Образ любви – чудовищной страсти, «преобразующей самоё материю», получает развитие в «поэме-наваждении» «Молодец». Поединок любви и морока, разрушающий рамки традиционных христианских представлений, определяет звучание концепта. Очарованная Молодцем, Маруся сознательно отрекается от себя, от своего прошлого, от своей души: «И так хороша! / На кой мне душа!». Проклятый становится для неё благим, зло, завораживающее своей чудовищностью, расплывается в очертаниях, ад и рай меняются местами, смерть воспринимается чудесным даром. В концепте «любовь» актуализируются мотивы преступления и жертвы. Представляя чёрные глаза Молодца, Маруся отстраняется от своего ребёнка и остаётся с инфернальными силами. Она отвергает земную жизнь, земной мир, семейное счастье с мужем и сыном во имя воссоединения с упырём. Такое разрешение любовного конфликта поэмы неслучайно. В одном из своих писем поэт утверждала, что у любящих не бывает детей, а у любовников – времени для будущего, которое есть ребёнок, ибо у них есть только настоящее – их любовь и смерть.

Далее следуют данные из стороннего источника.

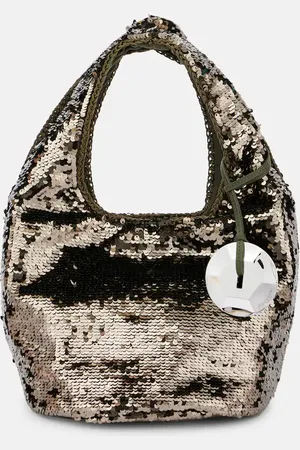 J.W.Anderson Mini sequined tote bag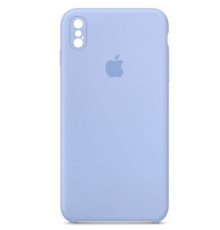 Чохол Silicone Case Квадратні Борти Full Camera iPhone X (XS) lilac blue PLS-00-00105921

Поэма завершается апофеозом любви Маруси и Молодца. «Огнь-синь» оказывается последним «домом» героев, местом сакральным, «осью Мира», «центром Земли». Символизируя любовную страсть, темперамент, восхождение и очищение, этот огонь, наряду с основной креативной функцией, несёт в себе и разрушительное начало, уничтожение, гибель. Амбивалентный характер огня-страсти связан с образом Молодца, чьё имя поэт «вшифровывает» в строфу, предвосхищающую кульминацию поэмы. Неназванное имя Молодца – Азраил. В восточной мифологии это имя ангела смерти, выполняющего волю Всевышнего. В стихотворении «Азраил», созданном спустя месяц после завершения «Молодца», М. Цветаева назовёт Азраила «последним любовником», судьбою предначертанным в «рассветных серостях».
Итак, любовь и смерть, у М. Цветаевой «равносущие» и «равносильные», несут на себе печать вины, греха и искупления за страсть, которая сильнее всего на свете. Возвращаясь к разговору о «Молодце» в 1926 году, М. Цветаева писала о трёх степенях огня, которые соответствовали её представлениям о любви. «Огнь-ал» – это любовь чувственная, поверхностная, преходящая. «Огньсинь» – это страстная, неукротимая стихийная сила, влекущая душу к душе, огонь, сжигающий всё на своем пути. Это «огнь-синь» Маруси и Молодца, который возрождает и губит, несёт в себе и жизнь, и пепел небытия. «Что они будут делать в огнь-синь? – вопрошала Цветаева. – Лететь в него вечно…». «Белый», Божественный огонь – это высшая любовь, которая ни с чем не связана, сама себя питает и ни в чём не нуждается, это «свечение Сути», «Неопалимая купина». «Белый (Бог), – продолжала размышления М. Цветаева, – может быть, силой бел, чистотой сгорания?»[215]. Как отрешиться от «вечного проклятия» «огнь-сини» во имя другого огня, другой любви, другого света? Этот вопрос мучил М. Цветаеву на протяжении всей жизни.
Итак, концепт «любовь» в художественной картине мира М. Цветаевой – концепт многозначный, связанный с такими содержательными элементами, как «Божественная любовь», «любовь-обольщение», «любовь-страсть», «любовь – вечное проклятие». Эрос М. Цветаевой, вбирая в себя все эти оттенки смыслов, по силе своей был равен только смерти.